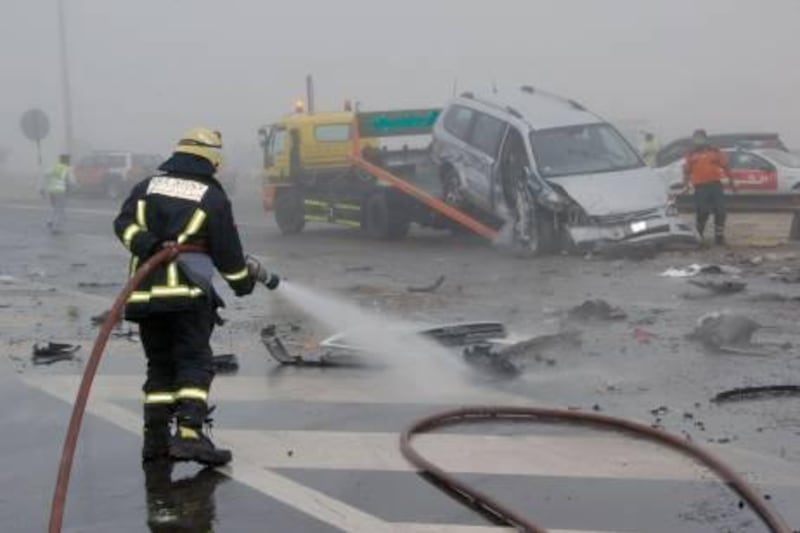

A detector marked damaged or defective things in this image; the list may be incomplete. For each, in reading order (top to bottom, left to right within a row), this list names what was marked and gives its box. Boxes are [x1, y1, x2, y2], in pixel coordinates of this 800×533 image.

damaged white suv [428, 87, 696, 254]
broken windshield [532, 122, 644, 177]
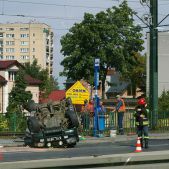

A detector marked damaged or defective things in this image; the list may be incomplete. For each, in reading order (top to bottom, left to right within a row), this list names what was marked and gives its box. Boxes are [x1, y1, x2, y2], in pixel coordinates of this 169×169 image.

overturned car [23, 97, 80, 148]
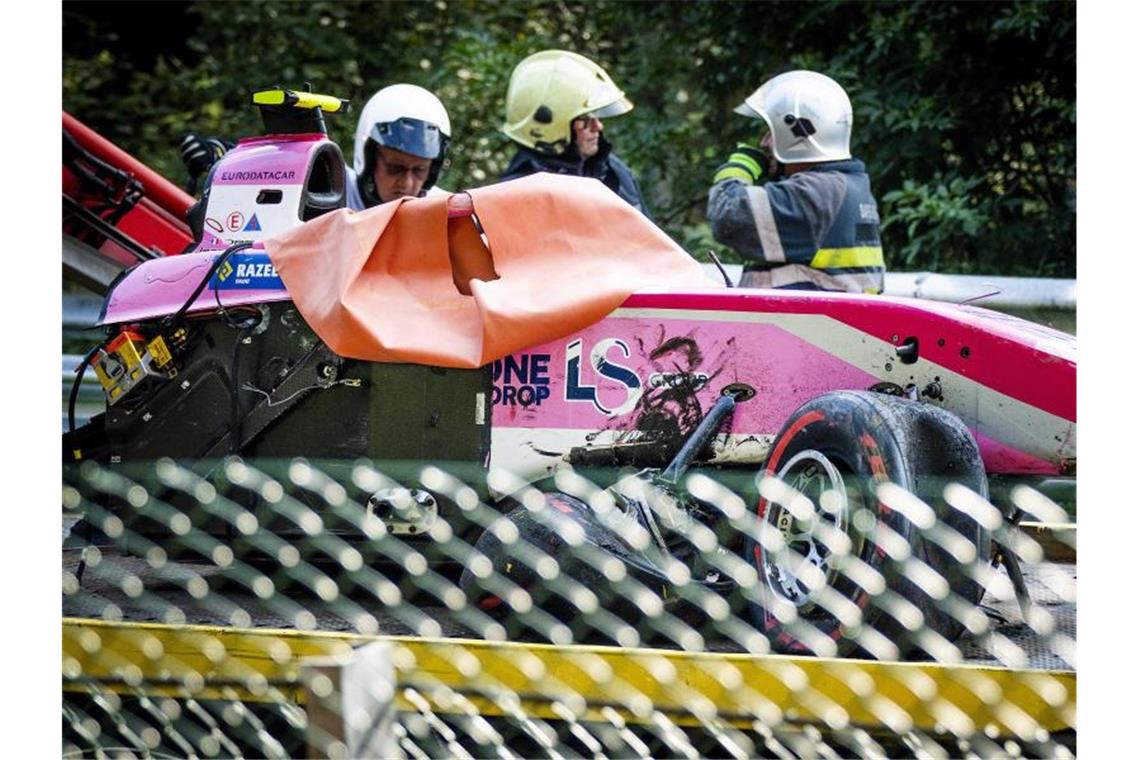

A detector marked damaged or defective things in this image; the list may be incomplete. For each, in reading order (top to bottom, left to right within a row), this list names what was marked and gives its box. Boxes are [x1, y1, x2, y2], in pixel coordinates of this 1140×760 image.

damaged race car [62, 87, 1076, 660]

» **Goal of the exercise**
Using the entries above, give again each line from the one containing "this 1140×760 image." through the last line, exactly and only those.

» **Answer section**
A detector marked damaged or defective things in this image; the list may be incomplete. For each, in reading order (top to bottom, left to right within a row), this list names what was marked and gives its box. Boxes are [x1, y1, x2, y2], in pixel coordinates of this 1140×760 image.

damaged race car [62, 87, 1076, 660]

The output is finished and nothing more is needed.